## About this task
Retype each line of the material below word for word; pictures stay out.

## Dataset section

━━━━━━━━━━━━━━━━━━━━

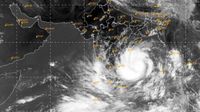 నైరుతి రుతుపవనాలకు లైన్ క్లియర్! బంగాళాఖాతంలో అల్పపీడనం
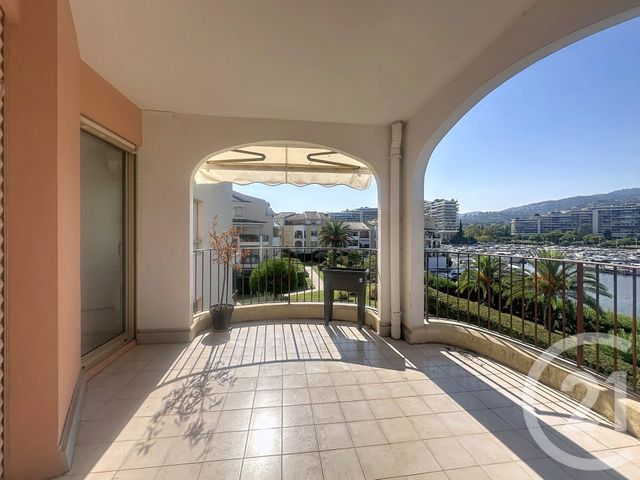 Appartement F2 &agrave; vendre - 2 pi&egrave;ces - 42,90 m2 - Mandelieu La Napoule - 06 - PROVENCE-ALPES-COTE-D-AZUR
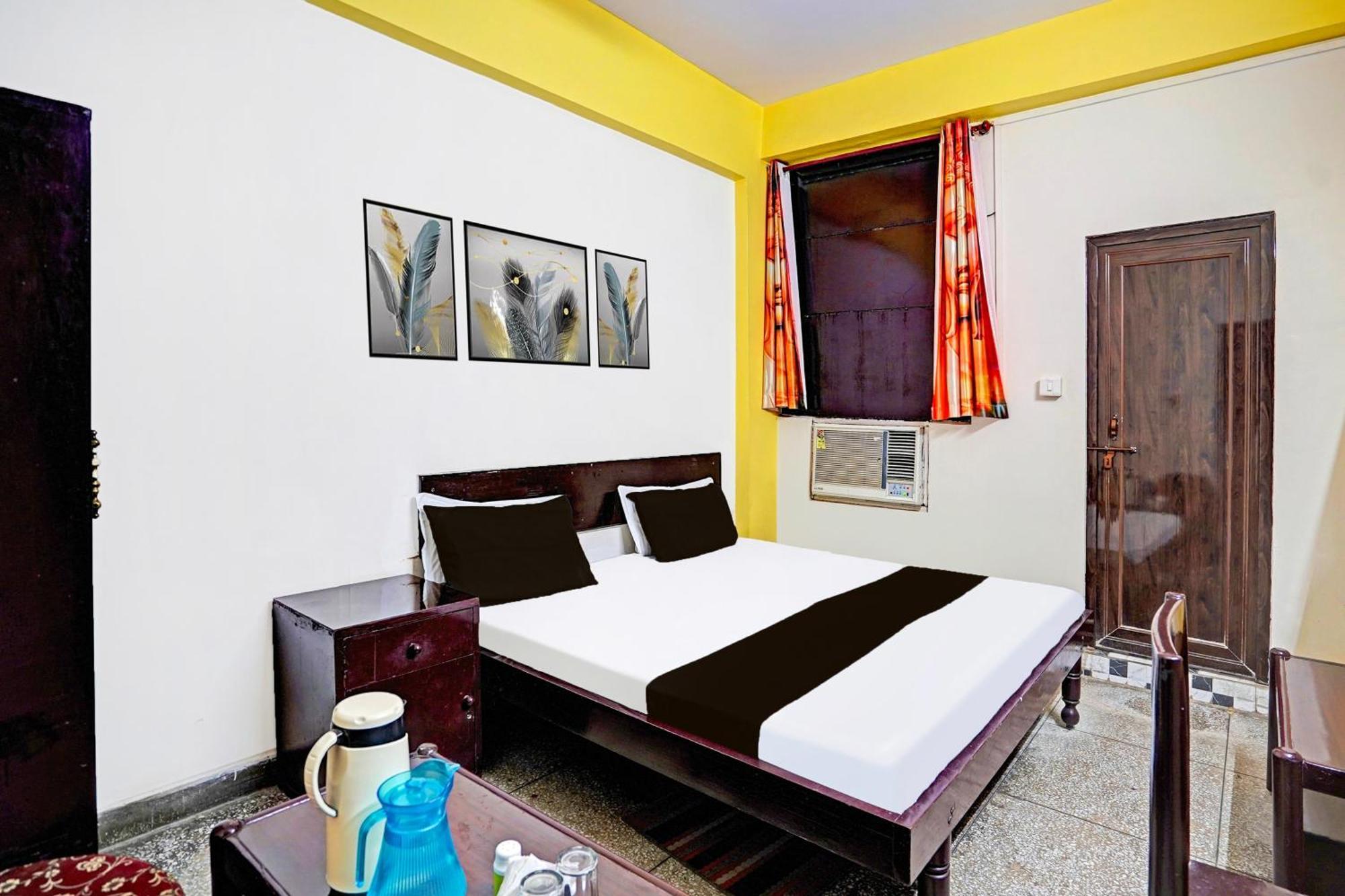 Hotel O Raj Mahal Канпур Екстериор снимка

━━━━━━━━━━━━━━━━━━━━

## Task output
 నైరుతి రుతుపవనాలకు లైన్ క్లియర్! బంగాళాఖాతంలో అల్పపీడనం
 Appartement F2 &agrave; vendre - 2 pi&egrave;ces - 42,90 m2 - Mandelieu La Napoule - 06 - PROVENCE-ALPES-COTE-D-AZUR
 Hotel O Raj Mahal Канпур Екстериор снимка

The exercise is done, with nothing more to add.